Inspired by Tourtellot’s talk, I step into the corridor of Santiago’s Four Points Sheraton and am instantly confronted by the challenges geotourism faces. You could wander around this hotel for hours and never get a clue that you’re in South America. Outside, the city feels like a slavish imitation of Los Angeles with a few high-rises surrounded by broad expanses of freeways and big box-like stores. The skies are thick with vehicle exhaust.

I’m ready to get out of town to search for the real Chile, but Tourtellot suggests we go to dinner in a neighbourhood he has heard about. I reluctantly agree, and after a short bus ride, find that I am utterly charmed – thrilled, actually – by Barrio Bellavista, an arty enclave wedged between the Río Mapocho and the upscale hilltop suburb of Providencia.

The Calle Antonia López de Bello is lined with pavement tables full of talking, laughing people. Jazz, R&B and updated versions of Chile’s once-famous Nueva Canción (‘New Song’) music stream out of cafés. We snag an empty table, order some local wine and empanadas, and Tourtellot, who often displays a serious lost-in-thought expression, sports a big grin. ‘Now this is geotourism,’ he says.

People think of sustainable tourist destinations as untouched spots in the countryside, but Tourtellot is just as likely to explore city streets as mountain roads. ‘New York is a great geotourist destination,’ he explains, ‘because you go to New York to see New York. It’s the whole feel of the place that attracts you. And cities can usually absorb a lot of tourists without sacrificing their essential character.’ Off the top of his head, he lists Kyoto, Krakow Évora and Quebec City, as other prime spots for urban adventure. Indeed, as we’re discovering in Bellavista, even seemingly drab cities offer geotourist hotspots.

Reviving neighbourhoods

Bellavista fits well with Tourtellot’s mission to save the world’s threatened travel destinations. If people can find inspiring travel experiences all around them, there will be less urge to flock to overcrowded places such as the pyramids in Egypt, the Grand Canyon or Kathmandu. ‘One of the best things about geotourism is how it reinforces the idea that you don’t have to go the ends of the Earth to find an unspoiled place,’ notes François Bédard, director of the Center of Excellence on Tourist Destinations, which is affiliated with the UN World Tourism Organization. ‘It’s about the character of a place – and almost any place can be of interest if it draws on its qualities.’

Tourtellot heard about Bellavista from Lake Sagaris, a Canadian journalist and activist who has lived here for many years. When I talk to her, I realise this area offers evidence for another key geotourism goal: that visitors can bring improvements to a struggling community. Bellavista, she says, has long been a raffish, rough-at-the-edges place where poor people, bohemians and other outsiders congregate – a rare occurrence in a society still feeling the lingering effects of the Pinochet era.

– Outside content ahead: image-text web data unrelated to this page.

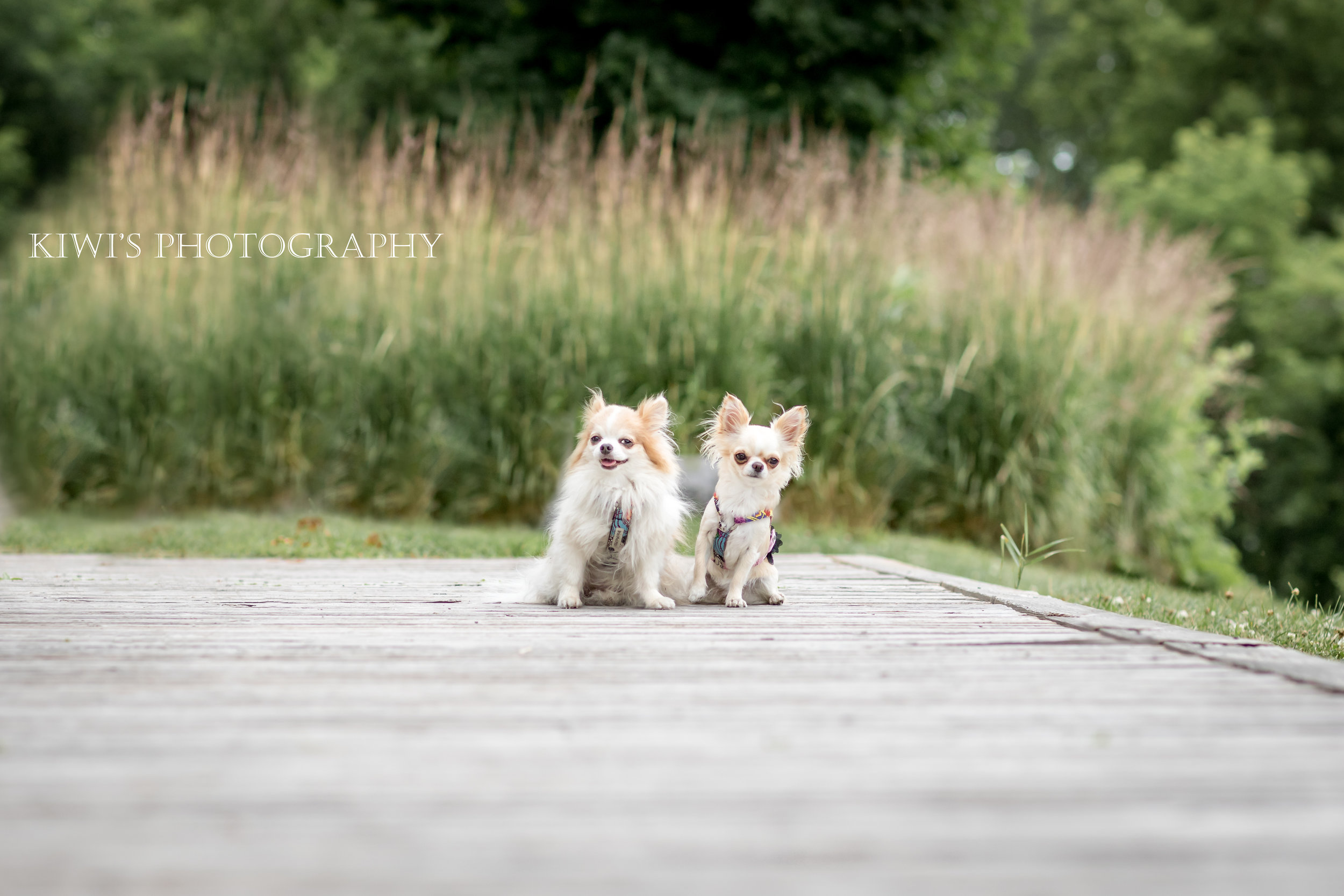 How I Met my Best Friend - Ottawa Pet Photography - Montecristo Travels
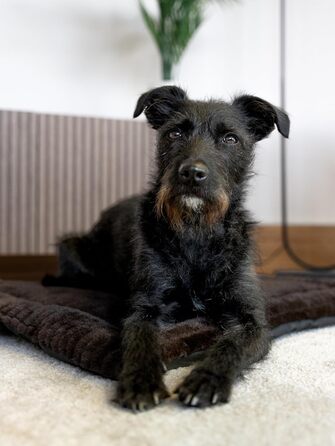 М'яка підстилка Harmony Flex для собак та котів, 50x35 см, з водонепроникним дном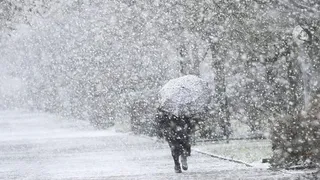 20 ноября в Пензенской области прогнозируют сильный снегопад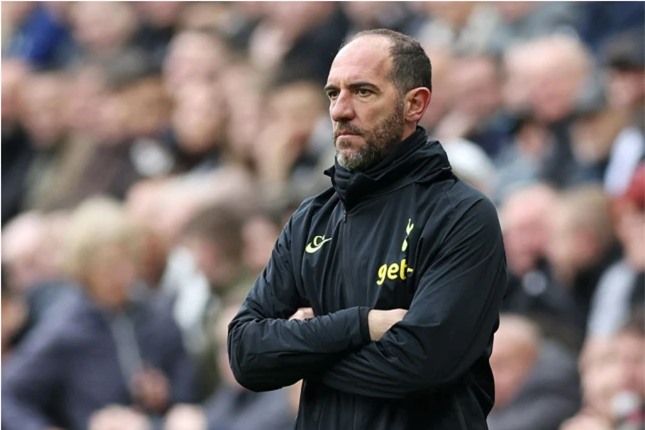 Cristian Stellini Cristian Stellini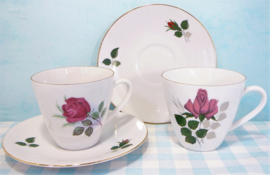 Vintage Bavaria servies -  kop en schotel met roosjes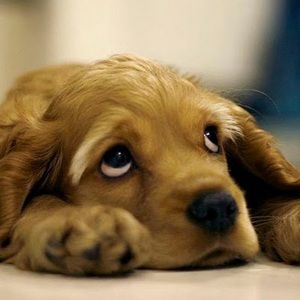 Meet your Posher, Cory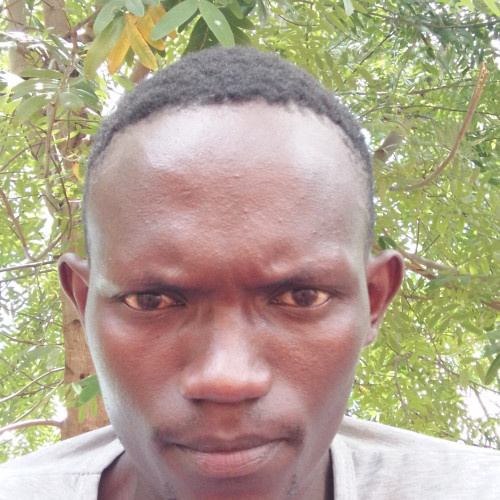 Joshua M. profile photo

A few years ago, plans to plough a new highway through the neighbourhood seemed to doom this experiment in social diversity. No-one believed the project could be stopped, but the rebellious residents rose up anyway – and, to their surprise, won an agreement from government officials that the road would run underground, beneath Bellavista.

‘We saved the neighbourhood,’ Sagaris says, and set the stage for Ciudad Viva (‘Living City’), a grassroots coalition dedicated to revitalising Bellavista and other Santiago neighbourhoods. The group helps launch micro-businesses, renovates old buil­dings, turned a busy street into a pedestrian zone, encourages bicycle use and implements recycling programmes – all fuelled by the group’s sustainable urban tourism initiative, which promotes Bellavista as a lively, pedestrian-friendly place.

‘We’re glad that people want to see what we’ve done,’ Sagaris says. ‘They can come here to learn, have fun and be inspired. That’s the kind of tourism we are interested in.’